John Mackey, CEO And Founder, Whole Foods Market, Austin He transformed the health-food business with his specialty supermarket concept. Now Mackey's going mainstream.
By Maggie Overfelt

(FORTUNE Small Business) – Memorial Day 1981: eight months after the very first Whole Foods Market debuted, a massive Texas flood destroyed it, filling the store with eight feet of water and muck and overturning refrigerators. "I figured we were out of business," says chief executive John Mackey, who spent the night wallowing out in front of his organic food store with a six-pack of beer. But the next day a steady stream of customers showed up with mops and buckets to help clean up--part of the reason the store reopened a mere 30 days later. "Customers working day and night for no reimbursement--that was a clear message that Whole Foods would be enormously successful," says Mark Skiles, one of Mackey's co-founders.

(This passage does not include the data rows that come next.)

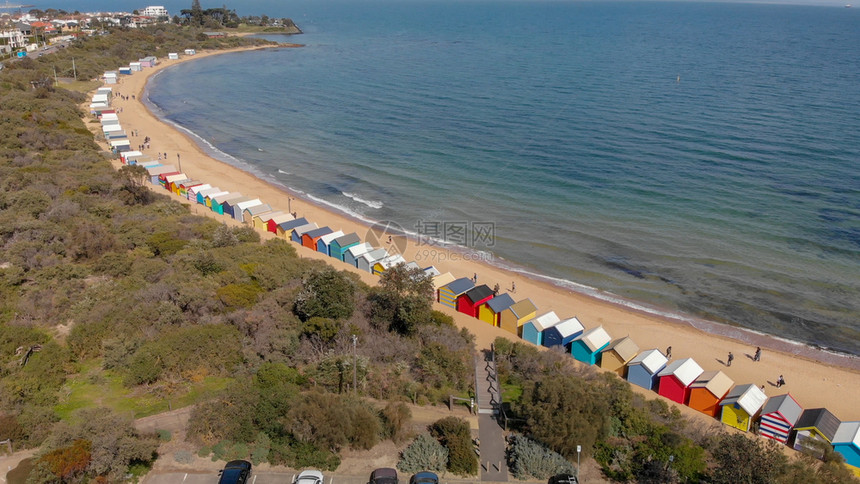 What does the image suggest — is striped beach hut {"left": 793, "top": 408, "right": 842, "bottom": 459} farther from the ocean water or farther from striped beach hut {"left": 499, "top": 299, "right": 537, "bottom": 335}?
striped beach hut {"left": 499, "top": 299, "right": 537, "bottom": 335}

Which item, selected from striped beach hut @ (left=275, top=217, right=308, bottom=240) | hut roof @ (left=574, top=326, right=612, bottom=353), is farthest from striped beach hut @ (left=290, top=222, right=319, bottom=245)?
hut roof @ (left=574, top=326, right=612, bottom=353)

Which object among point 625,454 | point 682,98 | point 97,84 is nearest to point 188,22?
point 97,84

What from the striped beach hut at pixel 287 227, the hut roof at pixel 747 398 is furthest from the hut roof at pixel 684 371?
the striped beach hut at pixel 287 227

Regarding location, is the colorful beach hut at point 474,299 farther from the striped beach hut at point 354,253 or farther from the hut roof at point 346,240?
the hut roof at point 346,240

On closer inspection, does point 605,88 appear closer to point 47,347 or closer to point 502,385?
point 502,385

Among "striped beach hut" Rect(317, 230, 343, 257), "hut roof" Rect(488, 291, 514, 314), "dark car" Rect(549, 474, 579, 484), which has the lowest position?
"dark car" Rect(549, 474, 579, 484)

That kind of fierce customer loyalty has built Whole Foods from that one store to 143 today and $2.7 billion in sales and $85 million in profits last year. In that time Mackey both drove and rode the surging interest in organic products. In 1990 organics was a $1 billion business; it's $11 billion today and expected to grow to $20 billion by 2005, according to the Organic Trade Association. Although Whole Foods' revenue is a tiny fraction of the $1 trillion food market, it's expanding. Same-store sales are up an average of 10% over the past year and a half, compared with negative numbers at many traditional grocery chains.

Mackey, known from the beginning as a go-getter with grand visions and a "cowboy way of doing things," created a health-food superstore that combines the best of the natural-foods world--knowledgeable service and organic goods--and the selection and comforts of a supermarket: meat counters, big, gleaming aisles, and conventional brands such as Cheerios and Heinz ketchup. That deft combination lets Whole Foods appeal to both the natural-foods hippie and the mom who regularly shops at Safeway.

Sometimes Mackey's cowboy attitude gets him in trouble. The organic community, whose mantra is "Small is beautiful," has criticized Whole Foods for everything from acting like a big corporation to hiring non-union workers to weak food-processing standards. Oddly enough, those charges only position the company toward the mainstream. "We're in the business of selling whole foods, not holy foods," retorts Mackey. Even so, he still seeks credibility within the organic world. He's rolling out a campaign to sell more products made by local farmers, known as the Authentic Food Artisan line, highlighting them with a red seal.

Mackey, who expanded Whole Foods mostly by acquiring like-minded regional chains, is running out of companies to acquire and will now have to grow his sales organically. To do so, he plans to open new, bigger stores in the nation's top 25 metro markets. Over the past five years the average size of a Whole Foods Market has increased by 33%, and larger stores equal more selection, which might mean a customer won't have to visit Safeway at all. Mackey also launched a store brand last year to appeal to customers who don't want to pay more for organic products. His goal? Some 70 new stores by the end of next year, and 300 stores and $10 billion in revenue by 2010. "This--healthy foods, us--isn't just a fad," he says. "My work is not yet sated."